# Working & Degrees



## Pow_22 (Jan 8, 2009)

Hello,

Currently (like many) hunting work in the insurance industry in Dubai. Quick question as i have had conflicting info...is it illegal to work in this indusrty in Dubai without a degree?


----------



## Kezie (Jan 13, 2009)

i dont think its illegal employers just wont employ you


----------



## Elphaba (Jan 24, 2008)

No, it most certainly not illegal to employ someone without a degree, but usually some kind of professional qualification is expected. Attested certificates are required as part of the visa process.


-


----------



## crazymazy1980 (Aug 2, 2008)

Pow_22 said:


> Hello,
> 
> Currently (like many) hunting work in the insurance industry in Dubai. Quick question as i have had conflicting info...is it illegal to work in this indusrty in Dubai without a degree?

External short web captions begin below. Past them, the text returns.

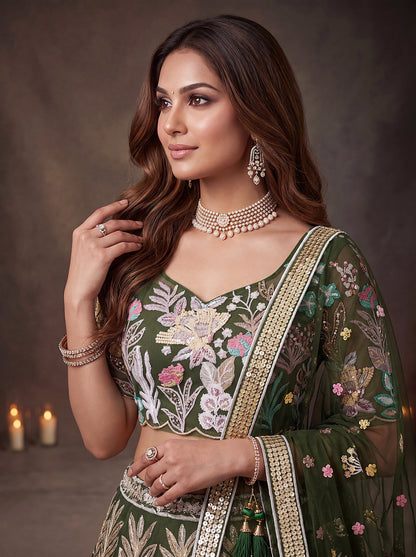 Latest Semi Stitched Lehenga Choli With Dupatta.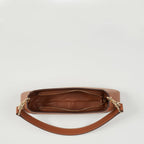 SUSU Leather Baguette Bag Brown Purse 90s Small  Shoulder Bag Y2K  Underarm Bag Trendy Handbag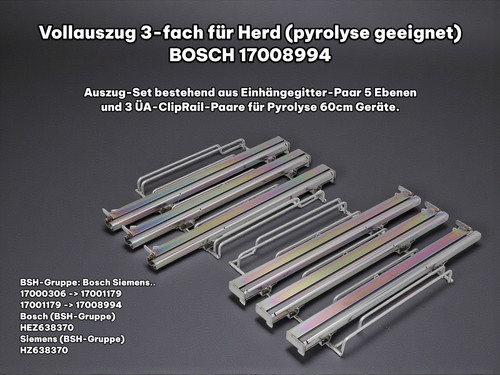 Bosch vollauszug fach - vollauszug, 3-fach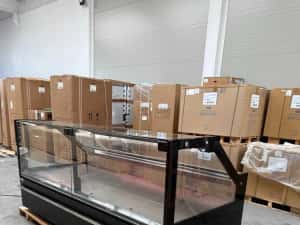 Vitrina Friogorifica Orizontala Modena Lite 382cm / FULL INOX/ NOU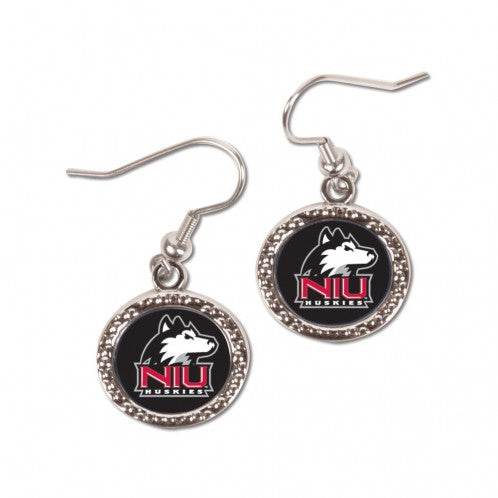Northern Illinois Huskies Round Style Earrings US Logo - ToylandEU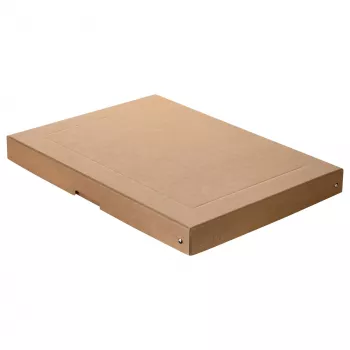 FALKEN PURE Pudełko do przechowywania 500 arkuszy brązowe 32,0 x 44,0 x 4,0 cm 22001776000F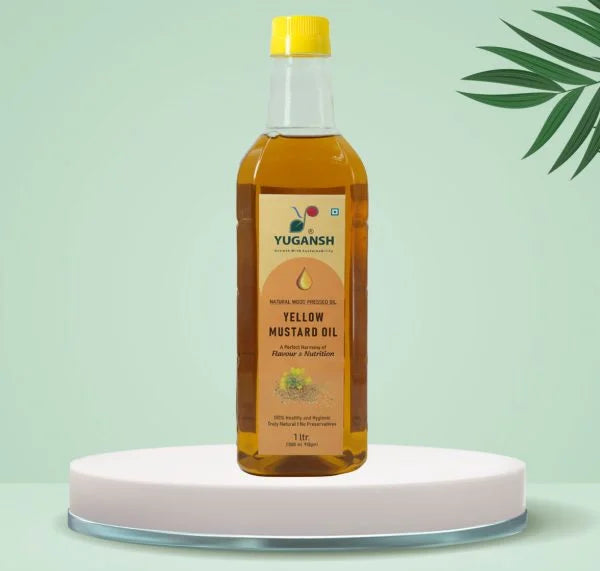 Natural Cold Pressed Yellow Mustard Oil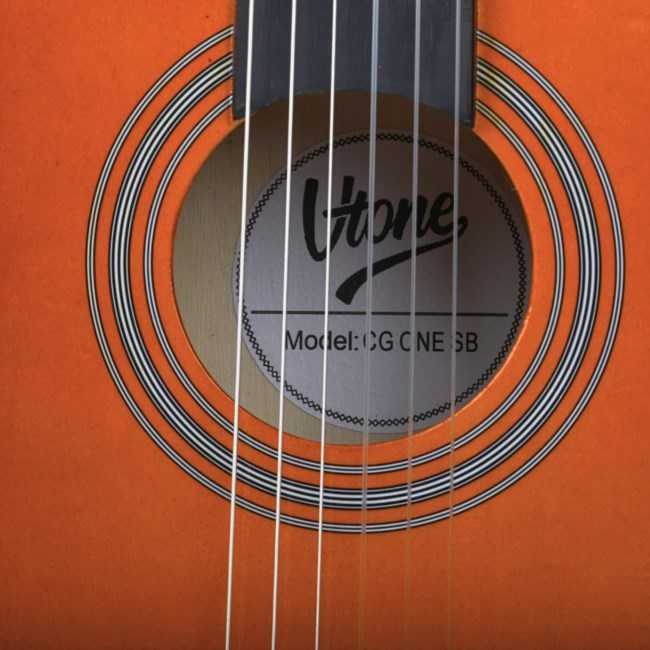 V-TONE BCG SB klasikinė gitara 4/4 sunburst mokymuisi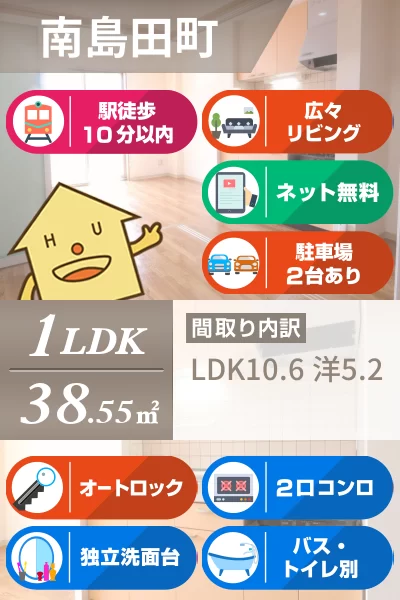 ウエストヒルズ 402のお部屋の特徴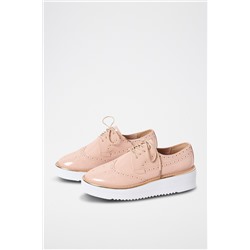 Derbies con plataforma Nude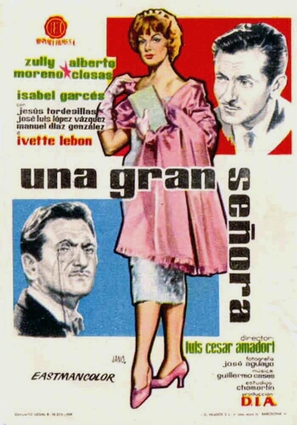 Una gran se&ntilde;ora - Spanish Movie Poster (thumbnail)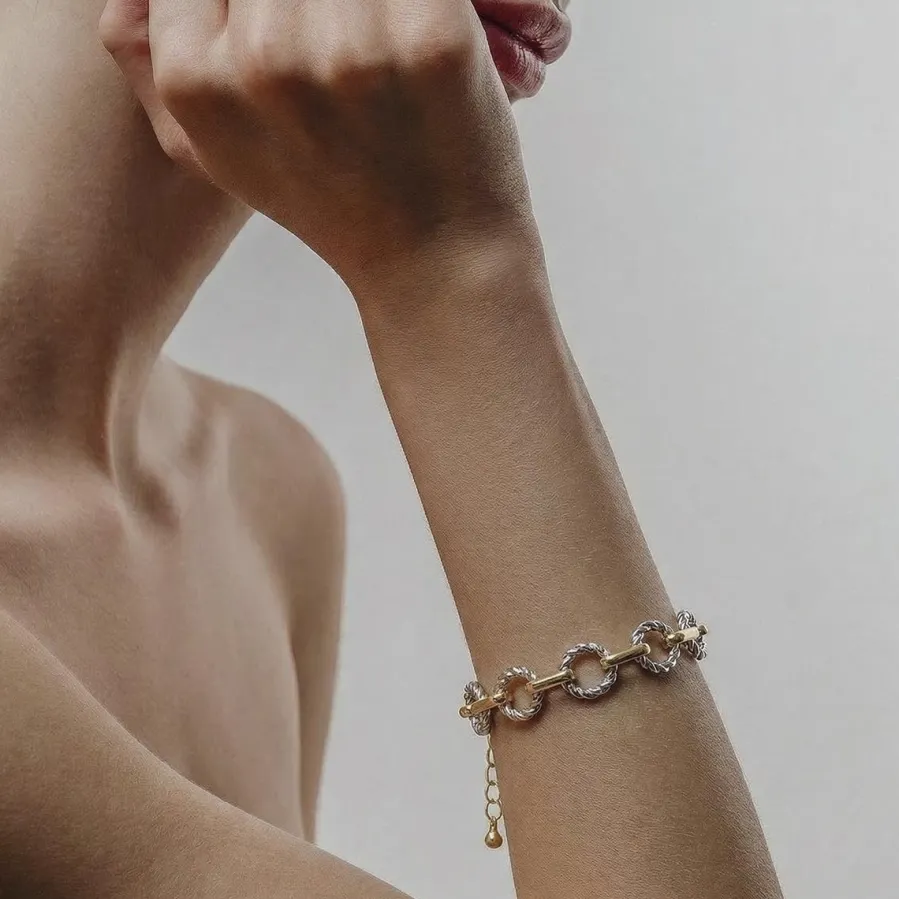 Pulsera acabado en oro amarillo de 18k - Liona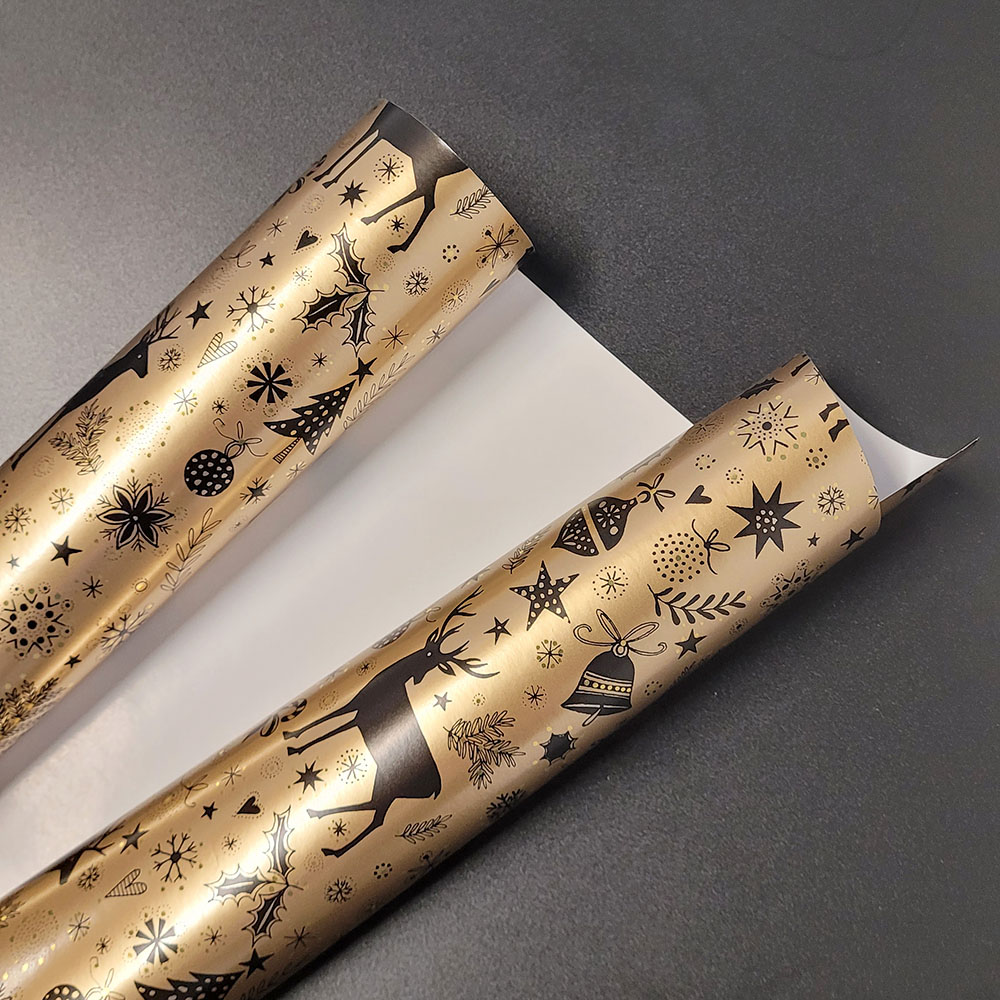 Бумага упаковочная для подарков рулон Stewo Cedric, 0.7 x 1.5 м Новогодний-4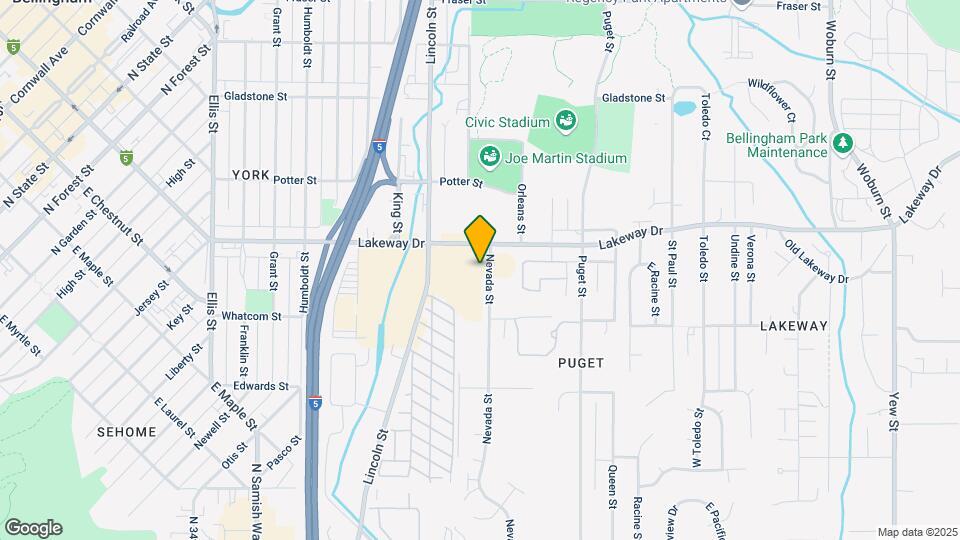 1251 Nevada St Map and Location Details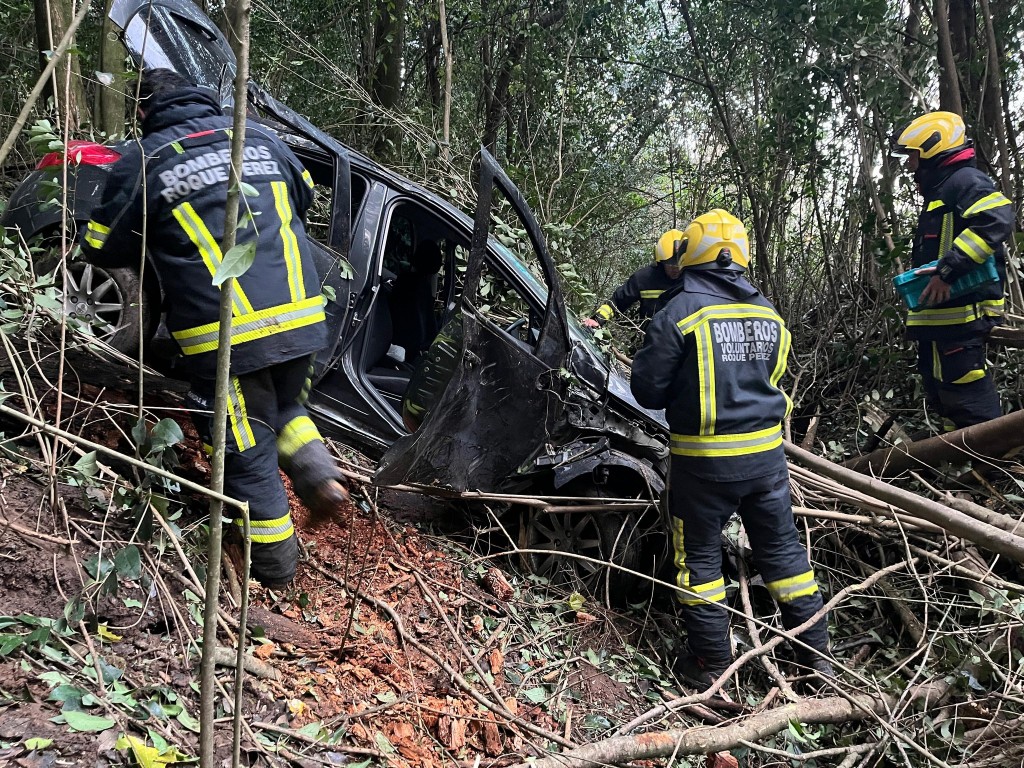 Despiste en Ruta 205: cuatro mujeres resultaron heridas y fueron trasladadas con criterio preventivo, al hospital doctor Ramón Carrillo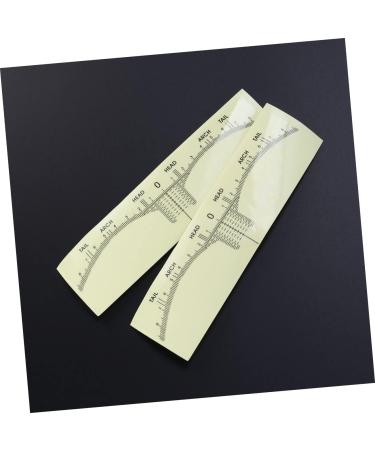 Ipetboom 300 Pcs Eyebrow Pencil Transparent Stickers Tools Microblading Measuring Tool Disposable - Buy Online on GoSupps.com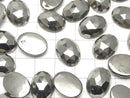 [Video]Pyrite Loose stone Oval Rose Cut 16x12mm 1pc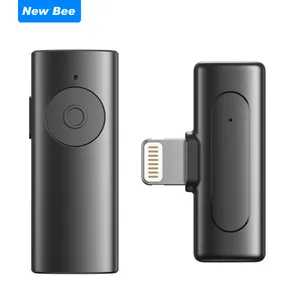 Smartphone Revers Lavalier Fabrikant Mini Tie-Clip Draadloze Microfoon Voor Zingende Vloggen Live Videocamera-Opname
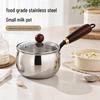 Stainless Steel Multi-Purpose Pot with Lid & Wooden Handle for Soup, Milk, and Baby Porridge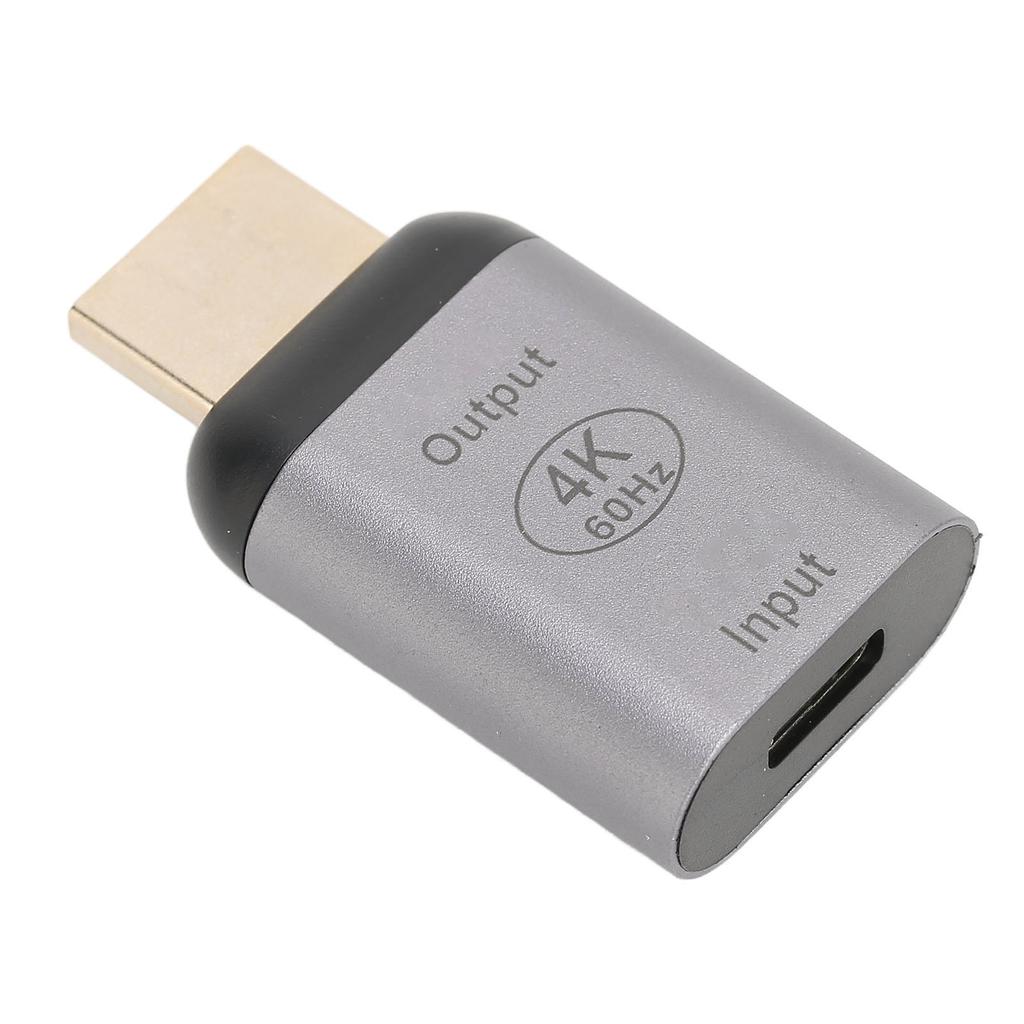 USB C Buchse auf Stecker Adapter 4K 60Hz High Speed Plug and Play Typ C auf HD Multimedia Interface für PC Telefon Tablet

It's not illegal at all mate. Certain companies will ask for it as a prerequisite to securing employers - The main stumbling block with this is the ethos of recruitment agencies doing their sifts - no degree, straight in the bin - doesn't matter how much relevant experience you have 

I don't have a degree and I am working here perfectly legally. I had to get my highest education certificates attested for my employment visa - you won't get one without it. 

The Ministry of Labour will give you different privilages if you don't have a degree in terms of leave etc but you will also get a contract from your company and that's what you will be working to. I have an extra 5 days leave on my work based contract for example.

If you can get passed the recruiters then you'll be fine


----------



## Pow_22 (Jan 8, 2009)

Ok cheers for clearing that up. I have seen a few jobs on Careerjet.ae that interest me but have (so far) managed to send my CV directly to the companys employing. My main stumbling block seems to be the degree thing. Most places are asking for it as standard. I do have 10 GCSE's, 8 years experience n will soon have several Insurance qualifications to boot. No responses so far but in a way that might be good, ive seen the rents and heard the stories of job saefty over there so i can hang tough for a while, save more money n hope things get better. Will keep tryin tho. Will help you fly the Bolton flag over there sooner or later!


----------



## Andy Capp (Oct 5, 2008)

What's a degree, I have a few CSEs.....

(No, not GCSEs, I'm old....)


----------



## Andy Capp (Oct 5, 2008)

crazymazy1980 said:


> It's not illegal at all mate. Certain companies will ask for it as a prerequisite to securing employers - The main stumbling block with this is the ethos of recruitment agencies doing their sifts - no degree, straight in the bin - doesn't matter how much relevant experience you have


*Not true, depends on loads of other issues, for example, do you have the experience...*



crazymazy1980 said:


> I don't have a degree and I am working here perfectly legally. I had to get my highest education certificates attested for my employment visa - you won't get one without it.


*I didn't, no-one asked for them, which is just as well as I haven't the foggiest where they are...*



crazymazy1980 said:


> The Ministry of Labour will give you different privilages if you don't have a degree in terms of leave etc but you will also get a contract from your company and that's what you will be working to. I have an extra 5 days leave on my work based contract for example.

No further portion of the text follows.